Politics

Key Takeaways From Trump’s Tax Returns


Democrats on the House Ways and Means Committee have followed through with their vow to make public six years of former President Donald J. Trump’s tax returns, giving the American public new insight into his business dealings and drawing threats of retaliation from congressional Republicans.

The release on Friday morning contained thousands of pages of tax documents, including individual returns for Mr. Trump and his wife, Melania, as well as business returns for several of the hundreds of companies that make up the real estate mogul’s sprawling business organization.

The committee had this month released top-line details from the returns, which showed that Mr. Trump paid $1.1 million in federal income taxes during the first three years of his presidency, including just $750 in federal income tax in 2017, his first year in office.

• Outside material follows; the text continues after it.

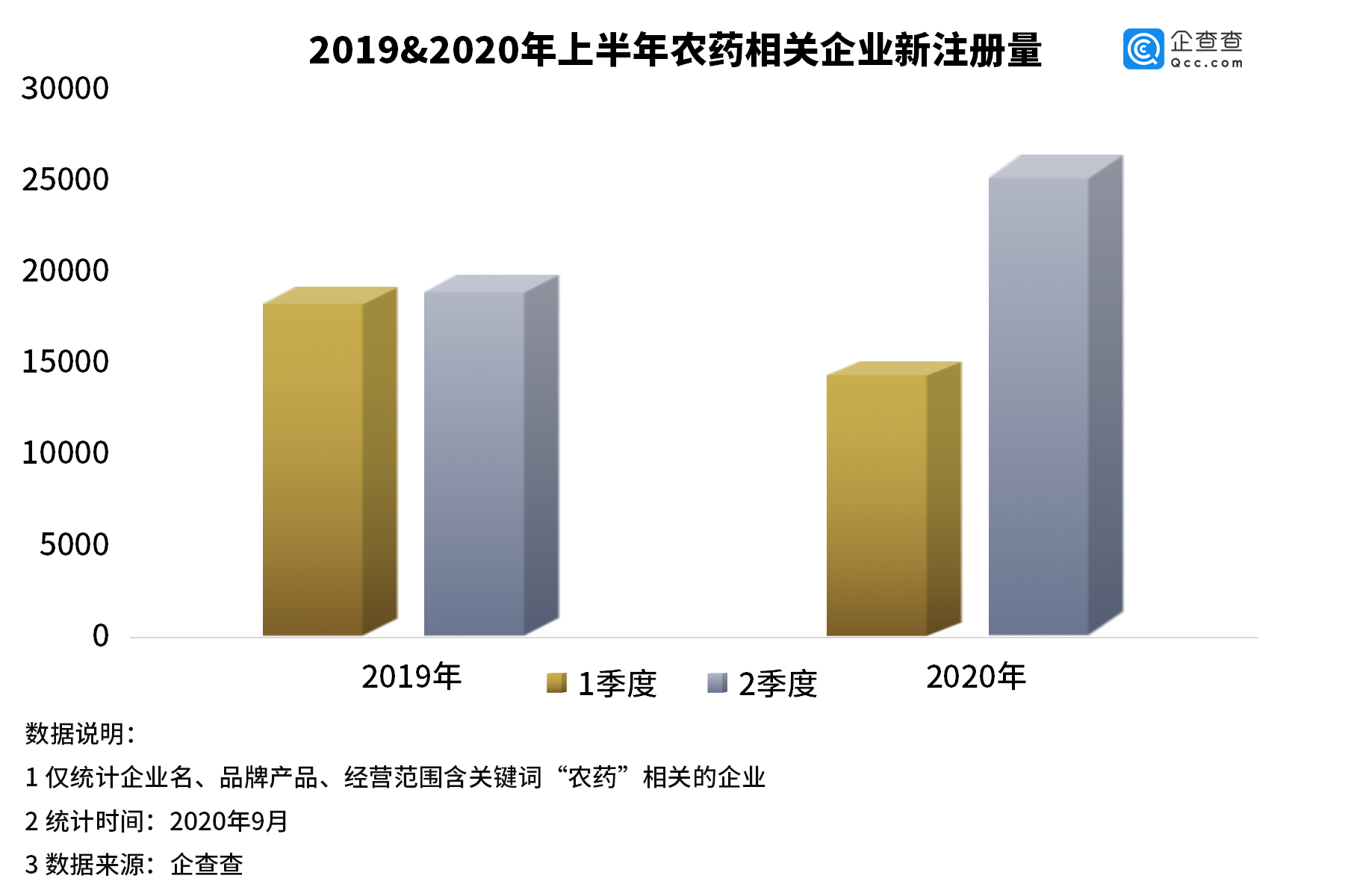 百草枯禁售背后：我国农药企业近80万家，2018年达注册高峰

He paid no tax in 2020 as his income dwindled and his business losses mounted.

The documents contain new details not revealed in those earlier releases. New York Times reporters are combing the pages for key takeaways. Here is a running list.

As a presidential candidate in 2015, Mr. Trump said he would not take “even one dollar” of the $400,000 salary that comes with the job. “I am totally giving up my salary if I become president,” he said.

In his first three years in office, Mr. Trump said he donated his salary quarterly. But in 2020, his last full year in office, the documents show that Mr. Trump reported $0 in charitable giving.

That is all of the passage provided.